The Toyota Hilux and Fortuner are both based on the manufacturer's IMV platform. While the SUV and pickup share many similar aggregates – with many large assemblies being interchangeable – there are many differences that make these outwardly similar vehicles quite different under the skin. Listed below are five key tech differences between the Hilux and the Fortuner.
Toyota Hilux has a tougher chassis
The Hilux and Fortuner are built around what is fundamentally the same super tough chassis, but the one used by the Hilux is even more robust. This is both by necessity and by design. This is a load bearing truck to begin with and Toyota engineers say they have made the chassis "tougher than we can imagine," making sure they exceeded even their own expectations of how tough it should be. So not only are superior metals used in specific high stress areas, the chassis also differs physically. The main longitudinal rails or longerons are larger and wider, the rear section that supports the loading bay is built more robustly and for added torsional stiffness, the chassis also gets more stout cross members.
Toyota Hilux is longer with longer wheelbase
While the Fortuner and Hilux are very similar up until the front door, the Hilux is substantially longer in beam. While the already large Fortuner is roughly 4.8 metres long, the Hilux is even longer at 5.3 metres, making it among the longest ‘cars’ on our roads. This, of course, also includes a much longer 3,085mm wheelbase, which is significantly longer than the Fortuner's 2,745mm. This is needed for the loading bay and its 470kg load capacity. While the longer wheelbase is good for space and load, it does affect the agility of the truck, especially the ease with which it can take U-turns. And the ramp over and departure angle are also different from the Fortuner when it comes to offroading.
Toyota Hilux uses a leaf spring rear suspension
While the Fortuner uses a coil spring rear suspension, the Hilux, being a load carrying truck, uses more suitable leaf springs. This fundamentally changes how the Hilux rides and drives, especially when it is empty. Still, leaf springs are better for heavy loads and are more suitable and stronger when it comes to overloading. Having a leaf sprung rear is also advantageous if you are going offroad.
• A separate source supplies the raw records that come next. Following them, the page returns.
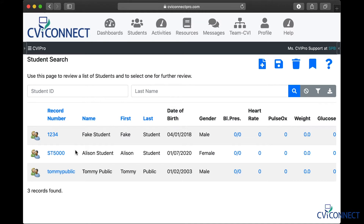If you have not yet enrolled a student, this list will be blank. Please watch our How to Enroll a Student video to get you started.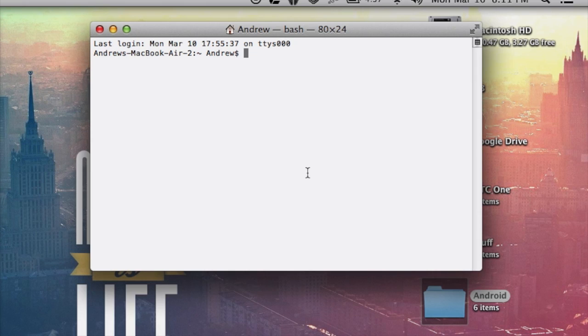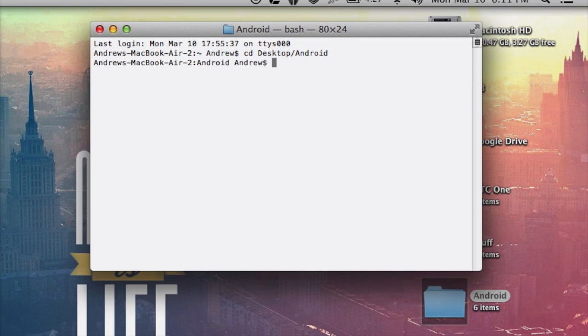Once you have terminal open, change its destination by typing in cd desktop slash android. Note that if you didn't unzip it to your desktop, just change the extension to wherever you unzipped it to.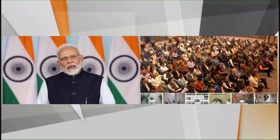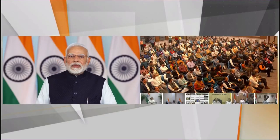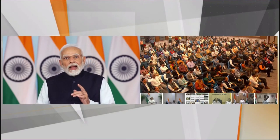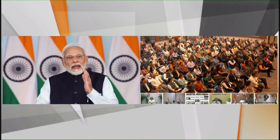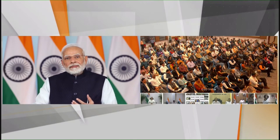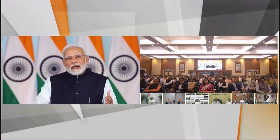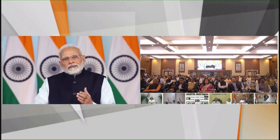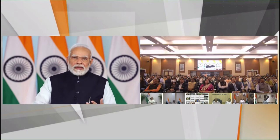Friends, India's G20 presidency is coming at a time of crisis and chaos in the world. The world is going through the after effects of a disruptive, once-in-a-century pandemic, conflicts, and a lot of economic uncertainty. The symbol of the lotus in the G20 logo is a representation of hope in these times.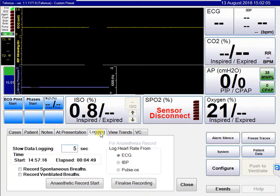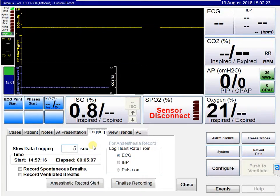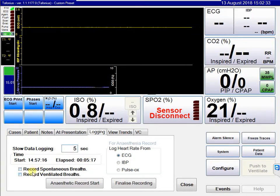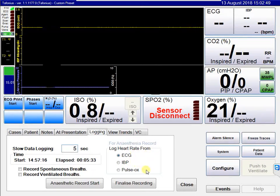The logging screen shows that slow data logging is set to every five seconds by default. This is recommended unless you have good reason to change it — either to conserve hard disk space or for research purposes requiring a faster rate. Five seconds represents a good average between file size and data collection. You may also have options to record spontaneous or ventilated breaths. For the anaesthesia record, the heart rate can be derived from ECG, IBP, or pulse oximetry; by default it is logged from the ECG.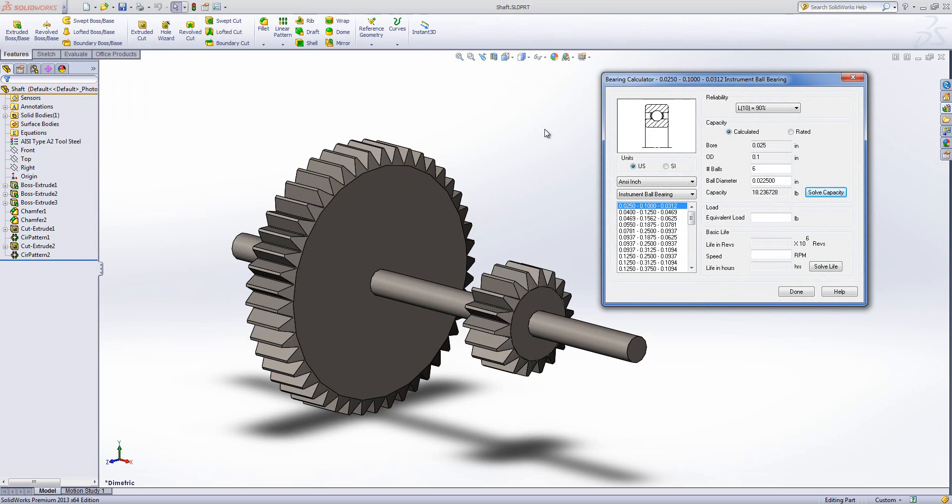It pops up in a little window on the screen. First of all we need to decide whether we're going to be using US units or SI units so I'm going to go into my millimetres and newtons.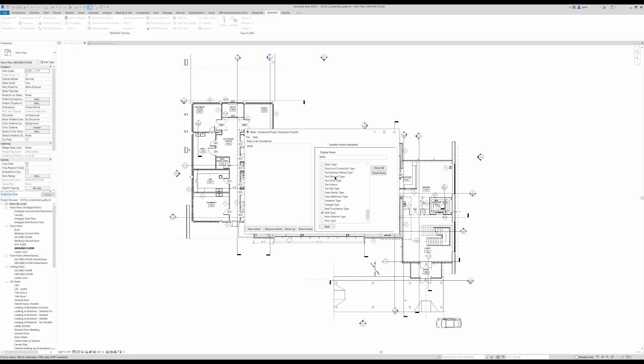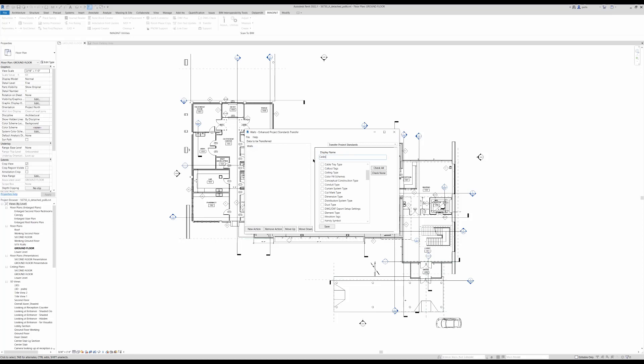Now we'll go and select New Action. This resets everything. We'll create a new action called Ceilings. Check none and we'll select ceiling, then save that off.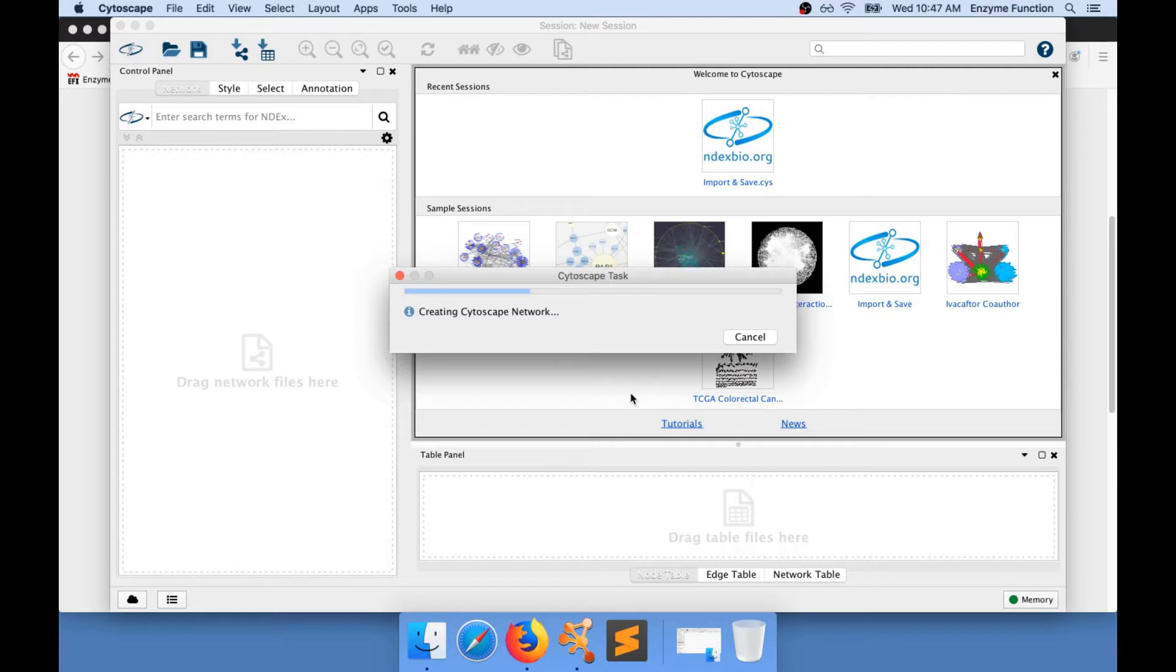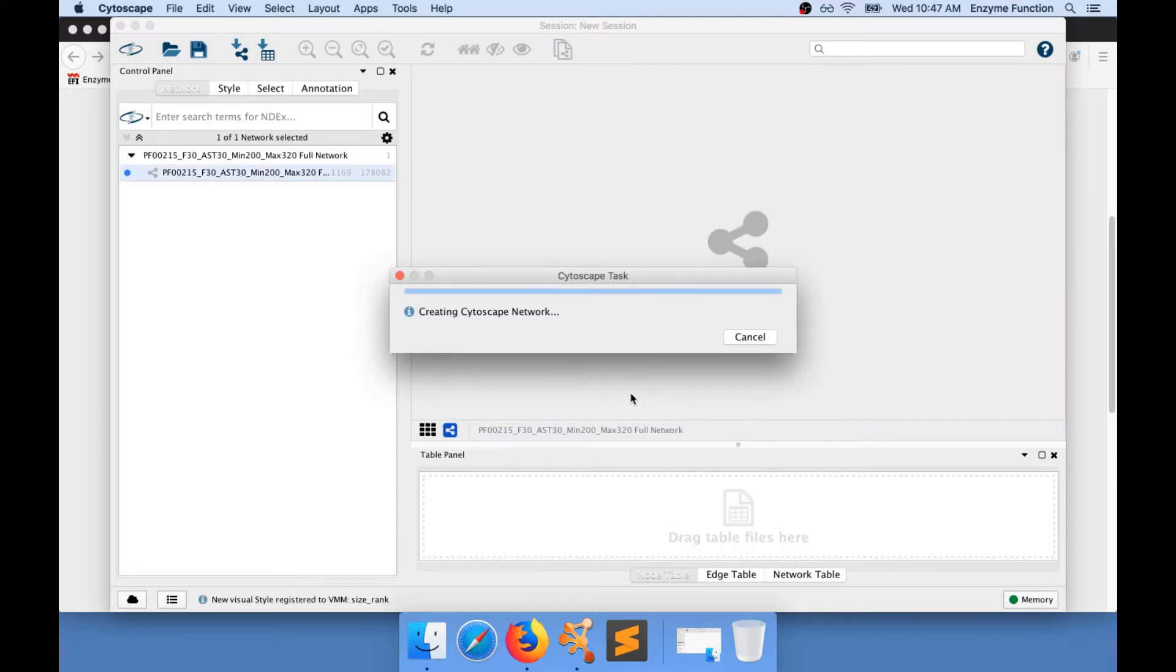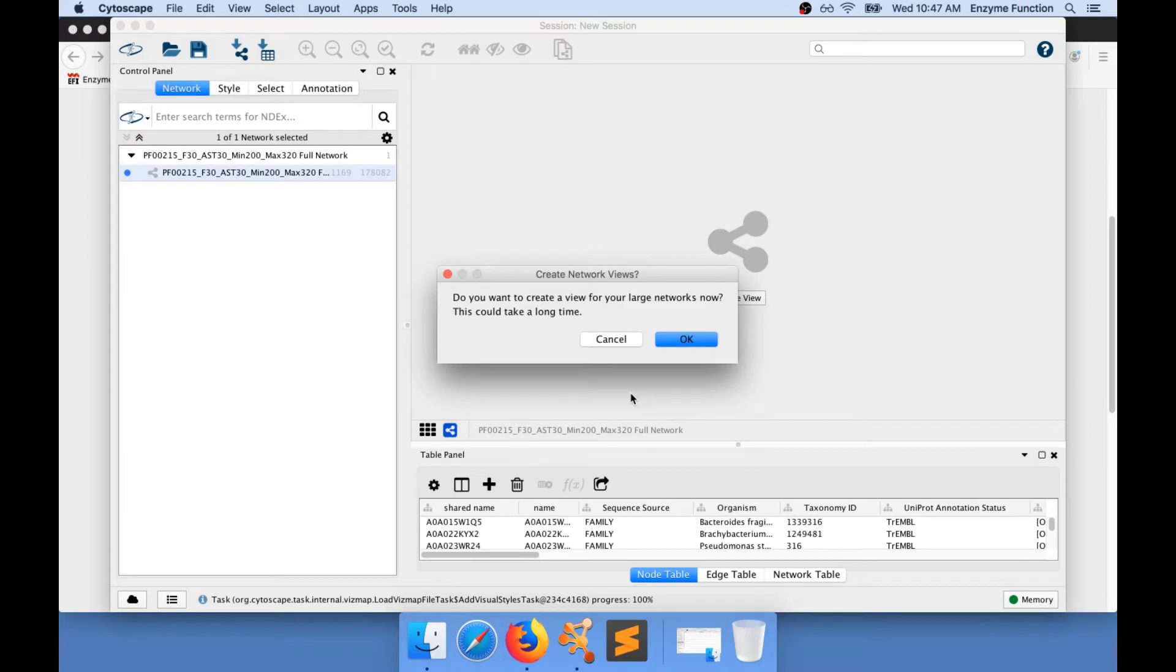The network is being loaded into Cytoscape. Once I have my network loaded, I need to create a view for my network.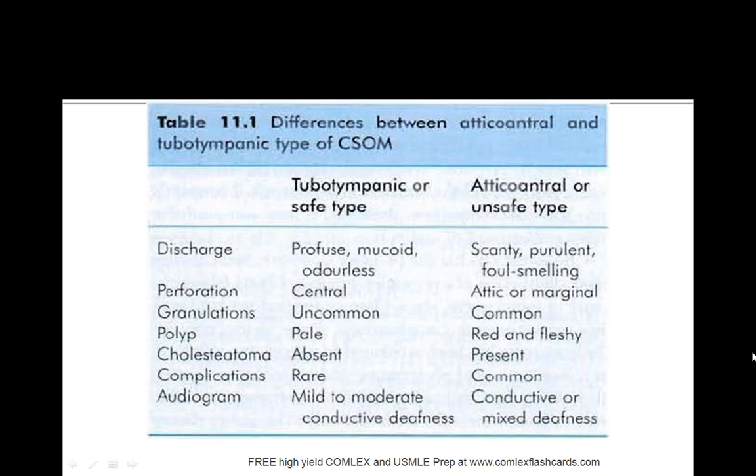What you will see though is these polyps that are pale, whereas in the unsafe type they are usually red and fleshy. Also the big difference for the boards is the presence of cholesteatomas on the unsafe atticoantral type of chronic suppurative otitis media.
Here, the ‘live’ rear axle and leaf-sprung suspension combo allow for better axle articulation, and hence, better traction during more demanding angles. So, while the longer wheelbase doesn’t help much off-road, traction and wheel articulation are actually superior on the pickup.
Toyota Hilux has drum brakes at the rear
Another way the Hi-Lux differs from the Fortuner is that it gets drum brakes at the rear. This comes as something of a surprise as drum brakes are considered old tech. They are, however, still used in trucks, where the additional loads make them suitable. There are several reasons for this and not just one overriding reason. For one, drum brakes can be made to deliver a greater braking force for a given diameter even when compared to discs. This is important when you consider the much higher load pickups have to contend with at the rear and the impact on price a considerably larger disc would have. Drum brakes are also hardier in dealing with static loads when the truck is stationary, and are more mechanically robust and longer lasting.
Toyota Hilux is tuned differently
The Hilux is also tuned differently from the Fortuner. While one is primarily a comfort-oriented SUV, the other is a lifestyle pickup. So it's not just the hardware, even targets and objectives differ. This is also why the Hilux has a gearbox that is differently setup. The manner in which the engine delivers power is altered and how the power flows to the transmission and to the wheels via driveshafts is also altered.